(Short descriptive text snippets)
◆ ◆ ◆ ◆ ◆ ◆ ◆

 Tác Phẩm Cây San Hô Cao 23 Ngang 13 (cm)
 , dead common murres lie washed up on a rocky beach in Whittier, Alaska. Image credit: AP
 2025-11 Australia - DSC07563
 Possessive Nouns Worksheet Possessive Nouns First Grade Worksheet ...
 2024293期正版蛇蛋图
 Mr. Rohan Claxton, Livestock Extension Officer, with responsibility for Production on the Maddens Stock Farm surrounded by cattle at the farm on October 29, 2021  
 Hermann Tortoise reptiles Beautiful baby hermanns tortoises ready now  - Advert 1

◆ ◆ ◆ ◆ ◆ ◆ ◆

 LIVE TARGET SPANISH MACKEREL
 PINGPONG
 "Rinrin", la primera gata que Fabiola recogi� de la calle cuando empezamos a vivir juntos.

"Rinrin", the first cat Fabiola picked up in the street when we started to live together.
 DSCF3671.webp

◆ ◆ ◆ ◆ ◆ ◆ ◆

* [Exercise instructions] Check the data for lines with "Rinrin" and give only their number.

* [Response] 2